- _The problem_: For the material below, reproduce exactly each line from the one that has "Apartment Pache34 Bucharest" through the one that has "Read Catastrophic Necromancer", and no others; pictures stay out.

:: Information given ::

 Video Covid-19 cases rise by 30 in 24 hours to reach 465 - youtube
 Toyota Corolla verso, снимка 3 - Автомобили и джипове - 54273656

:::
:: Information given ::

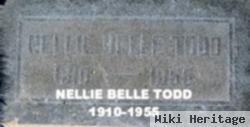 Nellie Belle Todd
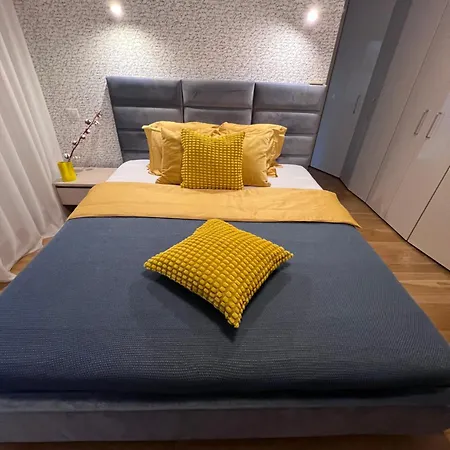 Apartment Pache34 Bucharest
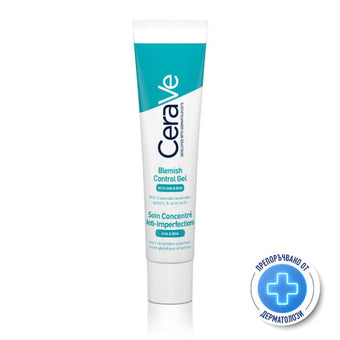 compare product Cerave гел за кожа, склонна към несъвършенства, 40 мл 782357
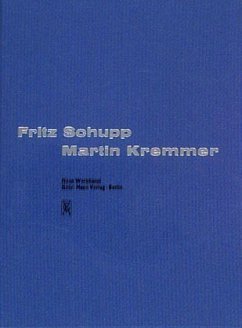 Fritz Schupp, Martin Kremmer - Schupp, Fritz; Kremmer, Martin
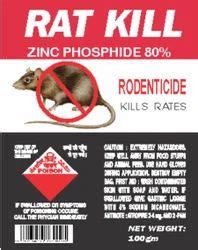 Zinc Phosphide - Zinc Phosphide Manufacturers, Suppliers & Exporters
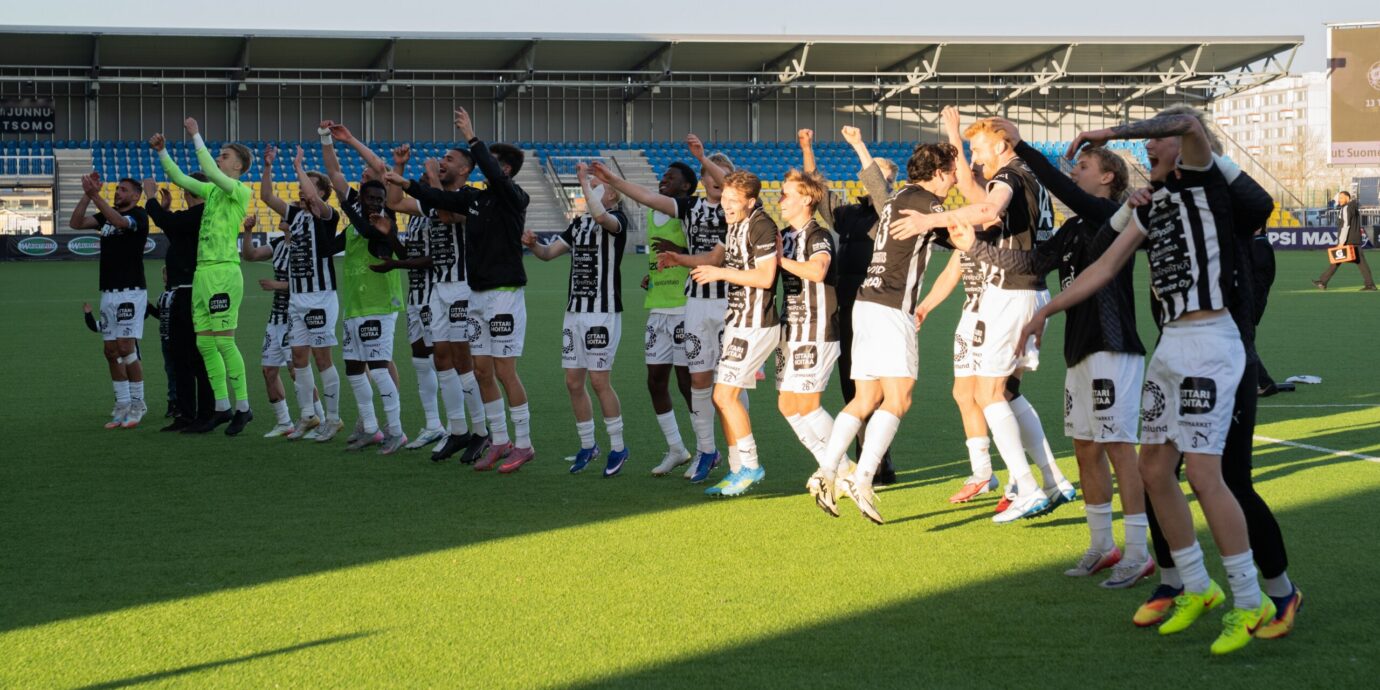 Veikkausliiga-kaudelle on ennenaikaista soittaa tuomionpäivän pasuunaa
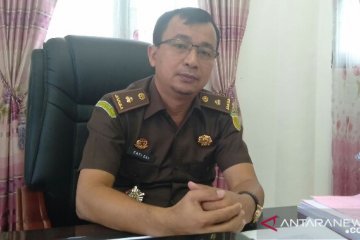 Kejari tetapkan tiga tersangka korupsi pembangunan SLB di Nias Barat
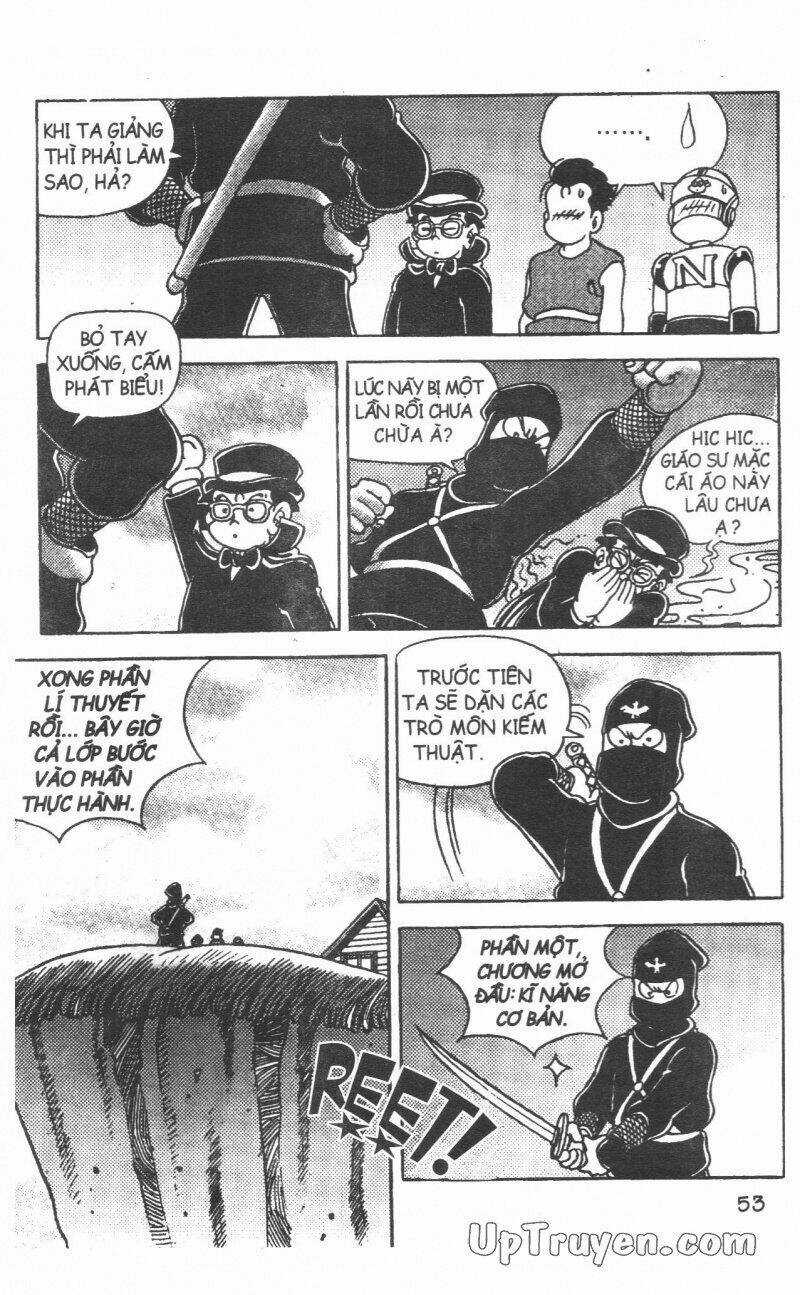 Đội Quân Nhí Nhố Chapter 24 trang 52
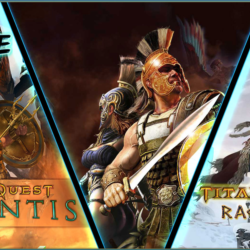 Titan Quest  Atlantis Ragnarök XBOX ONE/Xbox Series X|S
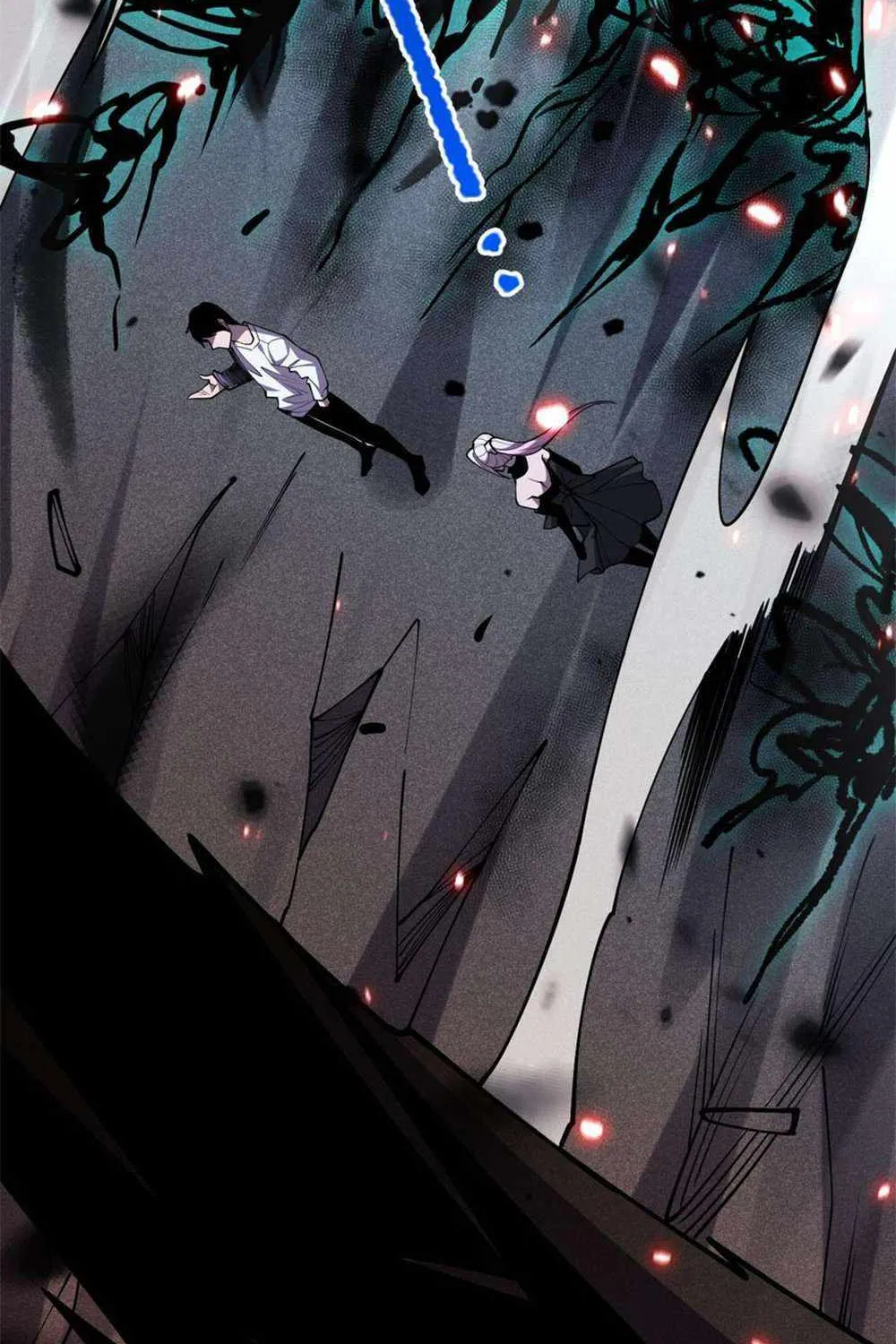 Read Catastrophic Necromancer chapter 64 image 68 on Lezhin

:::
:: Information given ::

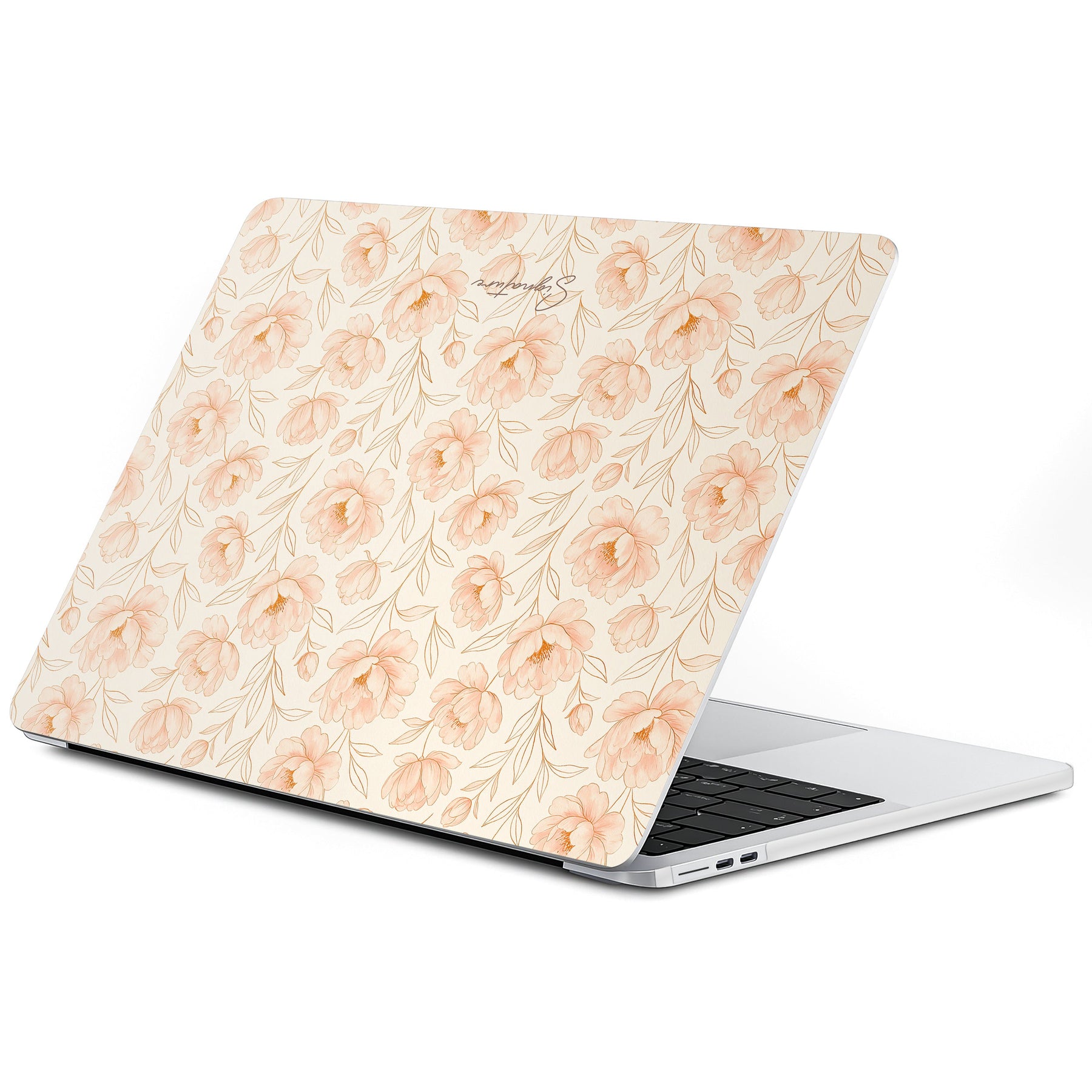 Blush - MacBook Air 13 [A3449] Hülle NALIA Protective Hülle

:::

- _Final answer_:
 Apartment Pache34 Bucharest
 compare product Cerave гел за кожа, склонна към несъвършенства, 40 мл 782357
 Fritz Schupp, Martin Kremmer - Schupp, Fritz; Kremmer, Martin
 Zinc Phosphide - Zinc Phosphide Manufacturers, Suppliers & Exporters
 Veikkausliiga-kaudelle on ennenaikaista soittaa tuomionpäivän pasuunaa
 Kejari tetapkan tiga tersangka korupsi pembangunan SLB di Nias Barat
 Đội Quân Nhí Nhố Chapter 24 trang 52
 Titan Quest  Atlantis Ragnarök XBOX ONE/Xbox Series X|S
 Read Catastrophic Necromancer chapter 64 image 68 on Lezhin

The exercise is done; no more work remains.